[What the task asks] Whenever a picture appears in the listing below, leave it out, and copy exactly the lines from the one containing "Bohemia royal &" through the end.

Segment Start: Records to use

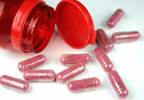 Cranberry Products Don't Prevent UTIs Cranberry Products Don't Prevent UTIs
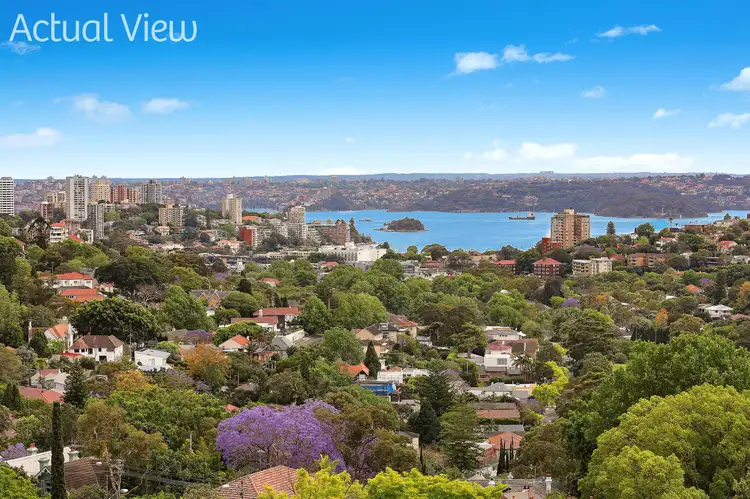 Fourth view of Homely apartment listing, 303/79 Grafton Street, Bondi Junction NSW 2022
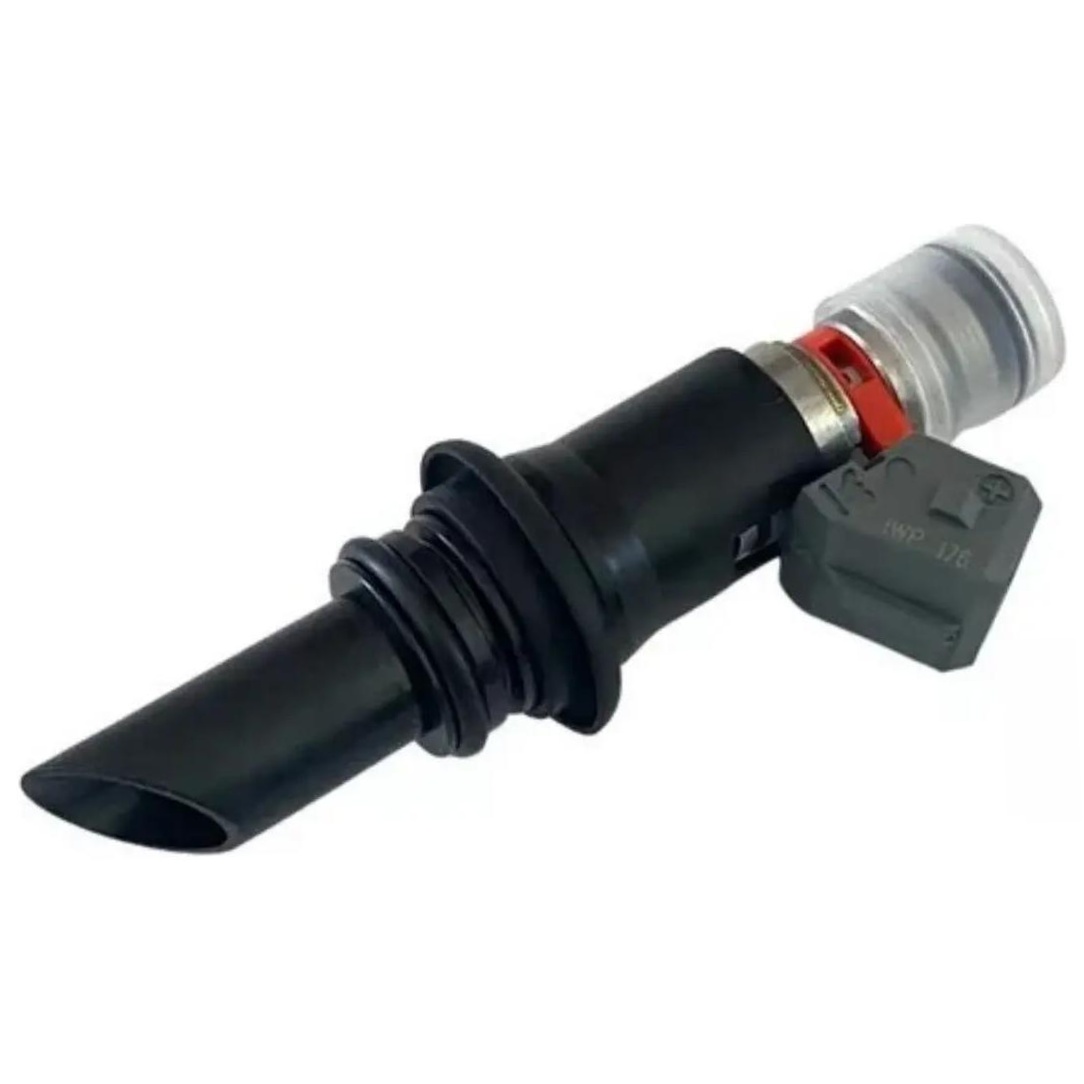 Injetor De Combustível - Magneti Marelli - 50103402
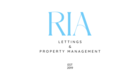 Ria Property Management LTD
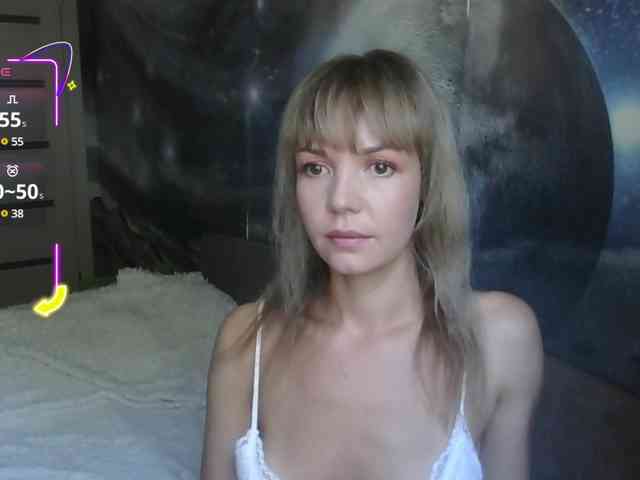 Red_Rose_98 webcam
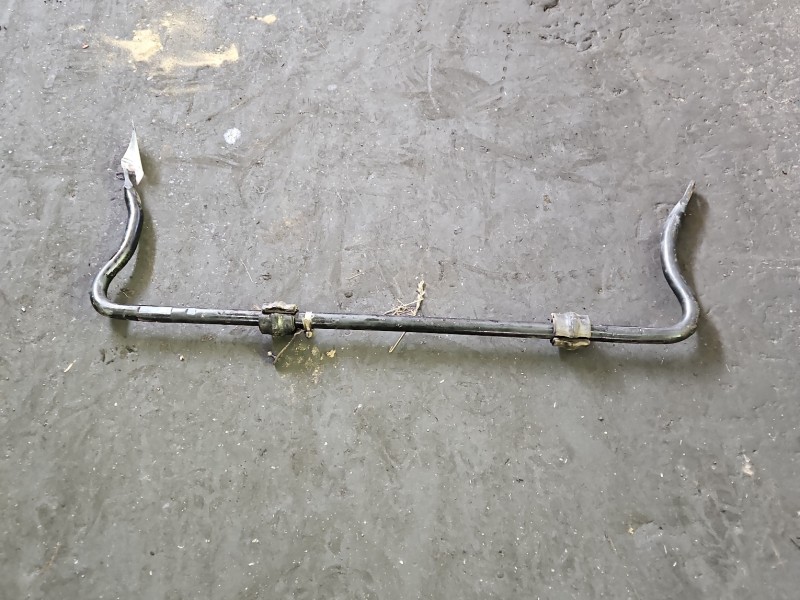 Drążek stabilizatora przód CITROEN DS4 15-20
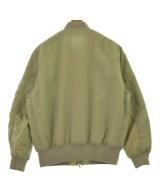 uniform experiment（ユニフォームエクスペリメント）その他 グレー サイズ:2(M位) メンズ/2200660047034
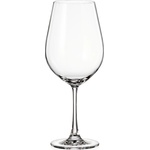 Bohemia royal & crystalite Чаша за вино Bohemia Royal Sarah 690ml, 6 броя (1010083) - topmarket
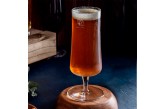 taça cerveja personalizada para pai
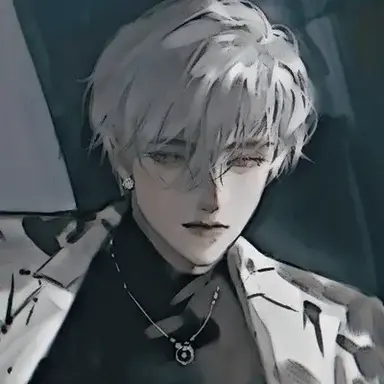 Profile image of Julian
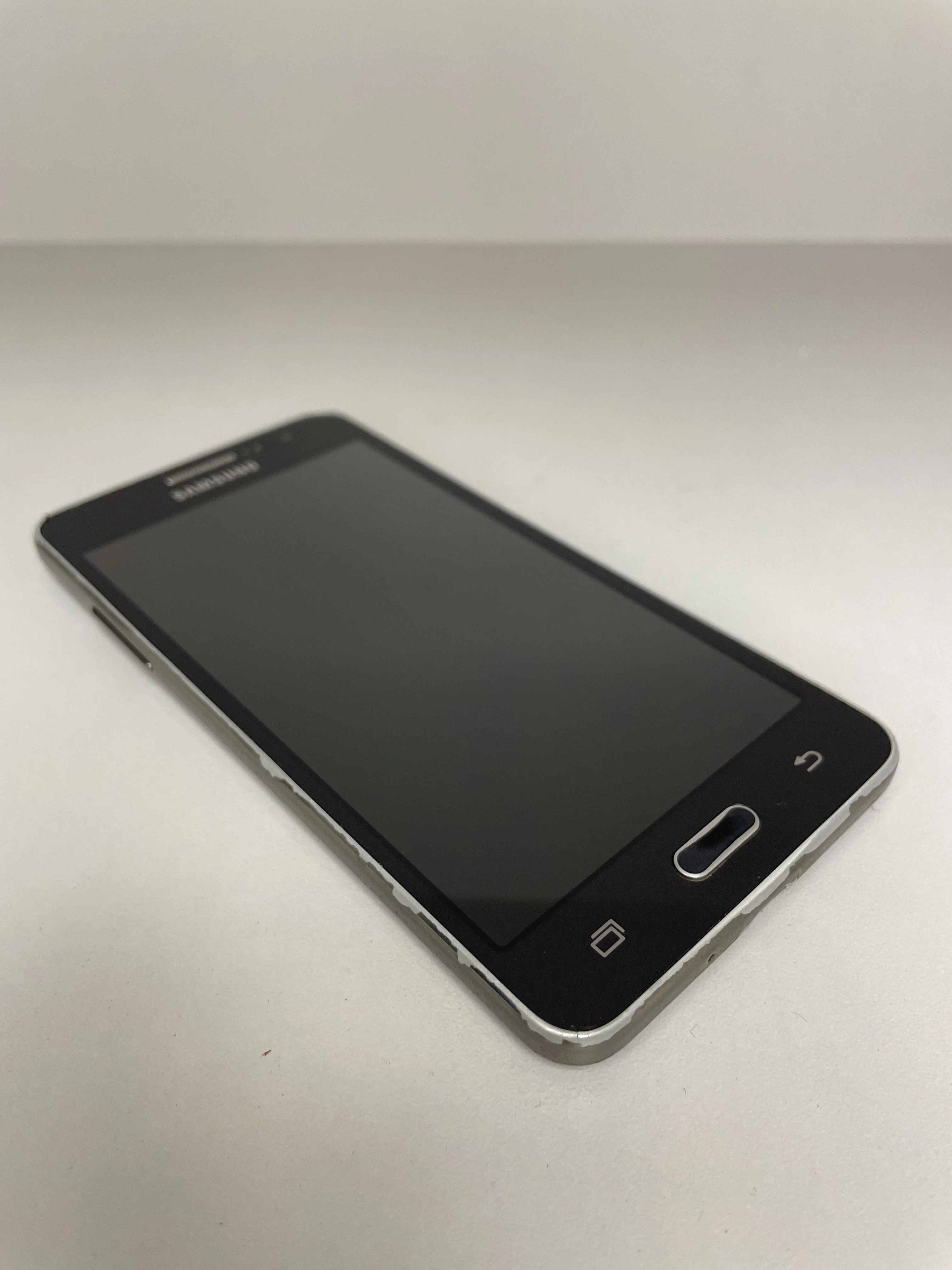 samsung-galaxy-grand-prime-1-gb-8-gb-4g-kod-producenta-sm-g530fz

Segment End: Records to use

[Answer to this problem]
 Bohemia royal & crystalite Чаша за вино Bohemia Royal Sarah 690ml, 6 броя (1010083) - topmarket
 taça cerveja personalizada para pai
 Profile image of Julian
 samsung-galaxy-grand-prime-1-gb-8-gb-4g-kod-producenta-sm-g530fz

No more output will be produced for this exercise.